*** Records for the exercise Section Begins ***
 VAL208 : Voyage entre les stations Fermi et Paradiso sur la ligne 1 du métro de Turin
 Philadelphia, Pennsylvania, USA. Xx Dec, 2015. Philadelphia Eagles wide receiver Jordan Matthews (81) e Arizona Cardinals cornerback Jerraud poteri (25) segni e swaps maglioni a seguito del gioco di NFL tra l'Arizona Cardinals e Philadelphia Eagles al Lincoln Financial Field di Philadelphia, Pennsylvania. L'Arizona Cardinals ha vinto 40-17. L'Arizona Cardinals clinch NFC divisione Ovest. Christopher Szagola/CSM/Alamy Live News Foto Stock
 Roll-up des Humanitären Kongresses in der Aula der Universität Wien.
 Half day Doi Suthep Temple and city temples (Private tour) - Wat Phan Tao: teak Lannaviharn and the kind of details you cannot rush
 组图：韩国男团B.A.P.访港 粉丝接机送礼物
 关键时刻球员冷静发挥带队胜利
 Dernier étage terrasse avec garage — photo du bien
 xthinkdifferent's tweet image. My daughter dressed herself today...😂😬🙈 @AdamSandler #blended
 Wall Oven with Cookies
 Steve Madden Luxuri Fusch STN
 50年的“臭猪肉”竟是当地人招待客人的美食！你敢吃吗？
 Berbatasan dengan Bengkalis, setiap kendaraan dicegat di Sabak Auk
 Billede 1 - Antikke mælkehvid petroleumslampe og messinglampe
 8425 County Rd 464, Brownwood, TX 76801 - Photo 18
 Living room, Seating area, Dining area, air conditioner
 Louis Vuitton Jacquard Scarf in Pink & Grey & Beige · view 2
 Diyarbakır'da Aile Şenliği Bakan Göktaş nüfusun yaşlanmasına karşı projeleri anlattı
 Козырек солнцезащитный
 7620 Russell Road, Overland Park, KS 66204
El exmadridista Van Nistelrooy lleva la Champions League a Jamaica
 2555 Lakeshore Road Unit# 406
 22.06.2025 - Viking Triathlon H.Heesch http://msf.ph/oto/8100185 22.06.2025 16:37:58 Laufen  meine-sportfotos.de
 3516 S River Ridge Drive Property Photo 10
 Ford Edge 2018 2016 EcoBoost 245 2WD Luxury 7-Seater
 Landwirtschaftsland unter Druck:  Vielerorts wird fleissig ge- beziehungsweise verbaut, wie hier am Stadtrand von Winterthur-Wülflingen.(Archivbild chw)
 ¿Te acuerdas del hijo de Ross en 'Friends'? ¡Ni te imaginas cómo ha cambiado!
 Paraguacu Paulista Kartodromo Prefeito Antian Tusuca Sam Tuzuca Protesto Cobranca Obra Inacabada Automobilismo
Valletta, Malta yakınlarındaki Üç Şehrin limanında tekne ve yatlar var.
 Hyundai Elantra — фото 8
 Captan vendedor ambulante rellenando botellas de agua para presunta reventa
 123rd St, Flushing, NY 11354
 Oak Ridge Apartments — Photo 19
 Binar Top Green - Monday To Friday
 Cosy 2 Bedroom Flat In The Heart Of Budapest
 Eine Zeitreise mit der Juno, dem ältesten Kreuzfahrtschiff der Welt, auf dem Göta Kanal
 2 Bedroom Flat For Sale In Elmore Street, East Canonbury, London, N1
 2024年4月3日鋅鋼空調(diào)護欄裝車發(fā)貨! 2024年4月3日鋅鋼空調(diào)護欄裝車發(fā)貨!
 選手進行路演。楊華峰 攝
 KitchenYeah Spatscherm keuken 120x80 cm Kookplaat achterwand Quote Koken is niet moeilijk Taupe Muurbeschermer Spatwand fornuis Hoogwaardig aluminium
*** Records for the exercise Section Ends ***
> [Exercise objective]
Return each line of the records above exactly as it reads.

> [Response]
 VAL208 : Voyage entre les stations Fermi et Paradiso sur la ligne 1 du métro de Turin
 Philadelphia, Pennsylvania, USA. Xx Dec, 2015. Philadelphia Eagles wide receiver Jordan Matthews (81) e Arizona Cardinals cornerback Jerraud poteri (25) segni e swaps maglioni a seguito del gioco di NFL tra l'Arizona Cardinals e Philadelphia Eagles al Lincoln Financial Field di Philadelphia, Pennsylvania. L'Arizona Cardinals ha vinto 40-17. L'Arizona Cardinals clinch NFC divisione Ovest. Christopher Szagola/CSM/Alamy Live News Foto Stock
 Roll-up des Humanitären Kongresses in der Aula der Universität Wien.
 Half day Doi Suthep Temple and city temples (Private tour) - Wat Phan Tao: teak Lannaviharn and the kind of details you cannot rush
 组图：韩国男团B.A.P.访港 粉丝接机送礼物
 关键时刻球员冷静发挥带队胜利
 Dernier étage terrasse avec garage — photo du bien
 xthinkdifferent's tweet image. My daughter dressed herself today...😂😬🙈 @AdamSandler #blended
 Wall Oven with Cookies
 Steve Madden Luxuri Fusch STN
 50年的“臭猪肉”竟是当地人招待客人的美食！你敢吃吗？
 Berbatasan dengan Bengkalis, setiap kendaraan dicegat di Sabak Auk
 Billede 1 - Antikke mælkehvid petroleumslampe og messinglampe
 8425 County Rd 464, Brownwood, TX 76801 - Photo 18
 Living room, Seating area, Dining area, air conditioner
 Louis Vuitton Jacquard Scarf in Pink & Grey & Beige · view 2
 Diyarbakır'da Aile Şenliği Bakan Göktaş nüfusun yaşlanmasına karşı projeleri anlattı
 Козырек солнцезащитный
 7620 Russell Road, Overland Park, KS 66204
El exmadridista Van Nistelrooy lleva la Champions League a Jamaica
 2555 Lakeshore Road Unit# 406
 22.06.2025 - Viking Triathlon H.Heesch http://msf.ph/oto/8100185 22.06.2025 16:37:58 Laufen  meine-sportfotos.de
 3516 S River Ridge Drive Property Photo 10
 Ford Edge 2018 2016 EcoBoost 245 2WD Luxury 7-Seater
 Landwirtschaftsland unter Druck:  Vielerorts wird fleissig ge- beziehungsweise verbaut, wie hier am Stadtrand von Winterthur-Wülflingen.(Archivbild chw)
 ¿Te acuerdas del hijo de Ross en 'Friends'? ¡Ni te imaginas cómo ha cambiado!
 Paraguacu Paulista Kartodromo Prefeito Antian Tusuca Sam Tuzuca Protesto Cobranca Obra Inacabada Automobilismo
Valletta, Malta yakınlarındaki Üç Şehrin limanında tekne ve yatlar var.
 Hyundai Elantra — фото 8
 Captan vendedor ambulante rellenando botellas de agua para presunta reventa
 123rd St, Flushing, NY 11354
 Oak Ridge Apartments — Photo 19
 Binar Top Green - Monday To Friday
 Cosy 2 Bedroom Flat In The Heart Of Budapest
 Eine Zeitreise mit der Juno, dem ältesten Kreuzfahrtschiff der Welt, auf dem Göta Kanal
 2 Bedroom Flat For Sale In Elmore Street, East Canonbury, London, N1
 2024年4月3日鋅鋼空調(diào)護欄裝車發(fā)貨! 2024年4月3日鋅鋼空調(diào)護欄裝車發(fā)貨!
 選手進行路演。楊華峰 攝
 KitchenYeah Spatscherm keuken 120x80 cm Kookplaat achterwand Quote Koken is niet moeilijk Taupe Muurbeschermer Spatwand fornuis Hoogwaardig aluminium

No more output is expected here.